To be used in future training steps.  Note that the BUCKET_NAME defined below must exist in the GCP project.


In [5]:
%env BUCKET_NAME=ml-workshop-black-friday
%env JOB_NAME=black_friday_trial_1

%env TRAINING_PACKAGE_PATH=./trainer/
%env MAIN_TRAINER_MODULE=trainer.rf_trainer
%env REGION=us-central1
%env RUNTIME_VERSION=1.14
%env PYTHON_VERSION=3.5
%env SCALE_TIER=CUSTOM

%env MODEL_NAME=black_friday_mod_trial_1
%env PROJECT_ID=mwe-sanofi-ml-workshop
%env DATASET_ID=black_friday
%env VERSION_NAME=v1
%env FRAMEWORK=SCIKIT_LEARN

env: BUCKET_NAME=ml-workshop-black-friday
env: JOB_NAME=black_friday_trial_1
env: TRAINING_PACKAGE_PATH=./trainer/
env: MAIN_TRAINER_MODULE=trainer.rf_trainer
env: REGION=us-central1
env: RUNTIME_VERSION=1.14
env: PYTHON_VERSION=3.5
env: SCALE_TIER=CUSTOM
env: MODEL_NAME=black_friday_mod_trial_1
env: PROJECT_ID=mwe-sanofi-ml-workshop
env: DATASET_ID=black_friday
env: VERSION_NAME=v1
env: FRAMEWORK=SCIKIT_LEARN


In [10]:
# Training and testing files must be in a cloud storage bucket before training runs.
!gsutil mb gs://${BUCKET_NAME}
!gsutil cp train.csv  gs://${BUCKET_NAME}
!gsutil cp test.csv  gs://${BUCKET_NAME}

Creating gs://ml-workshop-black-friday/...
ServiceException: 409 Bucket ml-workshop-black-friday already exists.
Copying file://train.csv [Content-Type=text/csv]...
- [1 files][ 24.3 MiB/ 24.3 MiB]                                                
Operation completed over 1 objects/24.3 MiB.                                     
Copying file://test.csv [Content-Type=text/csv]...
- [1 files][ 11.0 MiB/ 11.0 MiB]                                                
Operation completed over 1 objects/11.0 MiB.                                     
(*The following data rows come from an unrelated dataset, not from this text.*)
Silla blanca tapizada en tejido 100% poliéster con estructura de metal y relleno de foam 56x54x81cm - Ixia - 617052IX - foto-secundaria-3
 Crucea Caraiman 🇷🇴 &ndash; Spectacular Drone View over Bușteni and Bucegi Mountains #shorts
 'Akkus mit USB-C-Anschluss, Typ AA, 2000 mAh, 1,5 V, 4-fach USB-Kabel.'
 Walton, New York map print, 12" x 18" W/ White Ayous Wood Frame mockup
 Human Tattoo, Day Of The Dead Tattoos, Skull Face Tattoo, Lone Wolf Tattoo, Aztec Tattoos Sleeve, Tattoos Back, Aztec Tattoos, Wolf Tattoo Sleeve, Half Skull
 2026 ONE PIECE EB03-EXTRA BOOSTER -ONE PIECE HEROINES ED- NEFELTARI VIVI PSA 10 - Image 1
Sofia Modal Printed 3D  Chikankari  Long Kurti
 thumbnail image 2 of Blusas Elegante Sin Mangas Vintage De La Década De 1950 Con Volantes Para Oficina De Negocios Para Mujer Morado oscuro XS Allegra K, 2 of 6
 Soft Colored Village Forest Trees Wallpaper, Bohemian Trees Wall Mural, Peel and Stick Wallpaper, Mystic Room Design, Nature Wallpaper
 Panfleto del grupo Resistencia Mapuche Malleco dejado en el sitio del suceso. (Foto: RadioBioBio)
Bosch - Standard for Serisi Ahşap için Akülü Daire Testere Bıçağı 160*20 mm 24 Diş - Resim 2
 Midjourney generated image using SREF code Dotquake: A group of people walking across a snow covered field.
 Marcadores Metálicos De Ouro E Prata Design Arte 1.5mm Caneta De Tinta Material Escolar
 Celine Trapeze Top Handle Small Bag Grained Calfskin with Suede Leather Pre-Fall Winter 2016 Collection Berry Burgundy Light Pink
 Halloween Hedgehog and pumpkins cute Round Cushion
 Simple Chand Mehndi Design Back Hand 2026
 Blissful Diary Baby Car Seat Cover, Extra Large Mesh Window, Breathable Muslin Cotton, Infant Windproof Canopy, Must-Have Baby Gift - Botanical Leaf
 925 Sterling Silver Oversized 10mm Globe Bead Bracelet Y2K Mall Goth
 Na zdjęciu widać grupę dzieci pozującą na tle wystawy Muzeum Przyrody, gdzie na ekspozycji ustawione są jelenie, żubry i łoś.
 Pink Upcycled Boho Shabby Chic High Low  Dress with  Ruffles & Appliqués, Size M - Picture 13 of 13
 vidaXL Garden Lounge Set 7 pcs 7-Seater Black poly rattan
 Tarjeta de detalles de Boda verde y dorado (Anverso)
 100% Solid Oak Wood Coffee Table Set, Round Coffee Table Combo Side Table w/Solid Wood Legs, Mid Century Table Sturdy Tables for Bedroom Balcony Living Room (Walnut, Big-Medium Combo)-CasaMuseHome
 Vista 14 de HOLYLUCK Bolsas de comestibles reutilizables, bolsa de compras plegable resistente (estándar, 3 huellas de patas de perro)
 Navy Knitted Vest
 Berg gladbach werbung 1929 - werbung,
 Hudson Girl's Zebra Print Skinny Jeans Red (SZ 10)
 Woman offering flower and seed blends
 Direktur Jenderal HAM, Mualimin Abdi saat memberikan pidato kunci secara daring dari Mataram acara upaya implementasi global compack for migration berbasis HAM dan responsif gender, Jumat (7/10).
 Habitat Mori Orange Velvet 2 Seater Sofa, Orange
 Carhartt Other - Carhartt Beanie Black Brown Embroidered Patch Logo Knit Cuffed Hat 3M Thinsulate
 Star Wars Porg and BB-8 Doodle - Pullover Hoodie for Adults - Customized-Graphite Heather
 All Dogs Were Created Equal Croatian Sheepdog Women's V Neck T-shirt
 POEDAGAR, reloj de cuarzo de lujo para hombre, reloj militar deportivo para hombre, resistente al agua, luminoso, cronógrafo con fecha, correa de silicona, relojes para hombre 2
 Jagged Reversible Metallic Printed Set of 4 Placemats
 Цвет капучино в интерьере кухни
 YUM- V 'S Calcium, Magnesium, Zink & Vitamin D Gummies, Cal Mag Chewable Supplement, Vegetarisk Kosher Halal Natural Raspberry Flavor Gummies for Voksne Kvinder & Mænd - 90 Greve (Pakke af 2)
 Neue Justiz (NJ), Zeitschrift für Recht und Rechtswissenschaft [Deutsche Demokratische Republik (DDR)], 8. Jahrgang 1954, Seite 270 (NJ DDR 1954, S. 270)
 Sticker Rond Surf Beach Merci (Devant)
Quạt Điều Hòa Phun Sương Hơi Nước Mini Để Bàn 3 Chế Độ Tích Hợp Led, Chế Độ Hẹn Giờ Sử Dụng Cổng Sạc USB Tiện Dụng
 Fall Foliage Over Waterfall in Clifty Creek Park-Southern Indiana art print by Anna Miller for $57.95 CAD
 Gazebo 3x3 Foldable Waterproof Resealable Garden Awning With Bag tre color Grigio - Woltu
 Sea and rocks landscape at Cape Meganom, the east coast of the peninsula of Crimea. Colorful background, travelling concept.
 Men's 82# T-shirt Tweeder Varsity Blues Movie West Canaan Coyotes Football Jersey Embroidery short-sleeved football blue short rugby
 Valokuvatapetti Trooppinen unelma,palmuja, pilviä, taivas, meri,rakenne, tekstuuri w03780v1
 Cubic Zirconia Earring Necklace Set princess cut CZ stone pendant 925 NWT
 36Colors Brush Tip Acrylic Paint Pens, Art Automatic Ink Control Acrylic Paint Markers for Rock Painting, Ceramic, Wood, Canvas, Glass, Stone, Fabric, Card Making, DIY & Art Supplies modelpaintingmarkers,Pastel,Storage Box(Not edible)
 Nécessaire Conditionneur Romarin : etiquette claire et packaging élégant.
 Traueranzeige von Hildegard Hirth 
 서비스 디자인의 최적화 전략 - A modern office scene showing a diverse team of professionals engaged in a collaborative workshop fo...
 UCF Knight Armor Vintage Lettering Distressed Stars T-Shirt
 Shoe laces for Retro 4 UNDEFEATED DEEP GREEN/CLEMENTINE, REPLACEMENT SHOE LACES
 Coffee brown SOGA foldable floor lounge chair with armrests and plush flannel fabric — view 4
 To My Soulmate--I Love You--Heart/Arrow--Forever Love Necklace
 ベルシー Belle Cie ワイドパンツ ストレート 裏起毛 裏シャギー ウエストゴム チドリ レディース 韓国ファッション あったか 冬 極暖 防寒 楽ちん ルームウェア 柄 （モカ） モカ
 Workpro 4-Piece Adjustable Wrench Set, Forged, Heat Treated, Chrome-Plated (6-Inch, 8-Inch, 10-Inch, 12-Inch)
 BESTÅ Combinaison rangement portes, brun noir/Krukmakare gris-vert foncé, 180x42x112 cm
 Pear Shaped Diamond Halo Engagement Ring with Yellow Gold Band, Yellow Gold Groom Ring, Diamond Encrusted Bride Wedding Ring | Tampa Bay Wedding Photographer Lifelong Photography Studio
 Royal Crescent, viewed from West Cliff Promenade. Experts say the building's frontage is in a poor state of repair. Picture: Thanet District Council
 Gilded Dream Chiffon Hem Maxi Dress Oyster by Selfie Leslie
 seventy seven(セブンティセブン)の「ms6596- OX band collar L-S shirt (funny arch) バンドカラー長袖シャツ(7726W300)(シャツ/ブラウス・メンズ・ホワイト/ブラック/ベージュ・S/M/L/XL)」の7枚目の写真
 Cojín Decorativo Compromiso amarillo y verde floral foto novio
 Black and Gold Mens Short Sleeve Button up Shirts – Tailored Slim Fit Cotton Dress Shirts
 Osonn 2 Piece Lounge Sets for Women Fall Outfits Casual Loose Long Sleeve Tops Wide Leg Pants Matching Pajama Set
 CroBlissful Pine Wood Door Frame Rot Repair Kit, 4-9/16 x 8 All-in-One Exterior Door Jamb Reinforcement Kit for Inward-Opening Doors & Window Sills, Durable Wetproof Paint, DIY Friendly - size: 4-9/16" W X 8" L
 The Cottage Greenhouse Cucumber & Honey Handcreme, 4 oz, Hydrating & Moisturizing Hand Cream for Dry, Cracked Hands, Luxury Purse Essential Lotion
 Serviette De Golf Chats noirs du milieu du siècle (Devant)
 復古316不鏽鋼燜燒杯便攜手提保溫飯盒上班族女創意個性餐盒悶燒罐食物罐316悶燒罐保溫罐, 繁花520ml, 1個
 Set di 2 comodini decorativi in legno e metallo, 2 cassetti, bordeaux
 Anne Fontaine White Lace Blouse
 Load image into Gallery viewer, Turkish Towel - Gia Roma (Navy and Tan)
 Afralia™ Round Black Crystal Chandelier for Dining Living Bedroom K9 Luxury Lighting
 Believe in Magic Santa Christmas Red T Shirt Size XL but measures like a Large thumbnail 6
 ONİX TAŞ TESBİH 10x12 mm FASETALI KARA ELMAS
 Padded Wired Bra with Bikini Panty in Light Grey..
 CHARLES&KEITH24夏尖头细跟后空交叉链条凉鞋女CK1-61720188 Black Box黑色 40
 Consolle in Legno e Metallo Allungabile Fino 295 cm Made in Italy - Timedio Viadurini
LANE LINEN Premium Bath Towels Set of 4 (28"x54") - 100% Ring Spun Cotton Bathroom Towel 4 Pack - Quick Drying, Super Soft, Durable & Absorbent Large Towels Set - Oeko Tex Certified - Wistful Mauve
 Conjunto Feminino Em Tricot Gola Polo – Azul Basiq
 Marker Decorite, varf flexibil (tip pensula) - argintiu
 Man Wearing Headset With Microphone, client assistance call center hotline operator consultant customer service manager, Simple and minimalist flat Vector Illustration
<b>Perform training locally with default parameters</b>

In [12]:
# Give the service account for this project an "Editor" role in IAM for all users of this environment
# to have Bigquery access. This is needed if create-data=True is set below.
# If the table already exists, set create-data=False.
!gcloud ai-platform local train \
  --package-path $TRAINING_PACKAGE_PATH \
  --module-name $MAIN_TRAINER_MODULE \
  -- \
  --create-data=True

1it [00:15, 15.24s/it]
Downloading: 100%|█████████████████| 627921/627921 [00:41<00:00, 15111.11rows/s]
Downloading: 100%|█████████████████| 155746/155746 [00:10<00:00, 14316.64rows/s]
Copying file://model.pkl [Content-Type=application/octet-stream]...
/ [1 files][  9.1 MiB/  9.1 MiB]                                                
Operation completed over 1 objects/9.1 MiB.                                      


<b>Perform training on AI Platform</b>

The training job can also be run on AI Platform. 

Important: A single training job (either locally or using AI Platform) must complete with the --create-data  and --hp-tune flags set to True for the remainig functionality to complete.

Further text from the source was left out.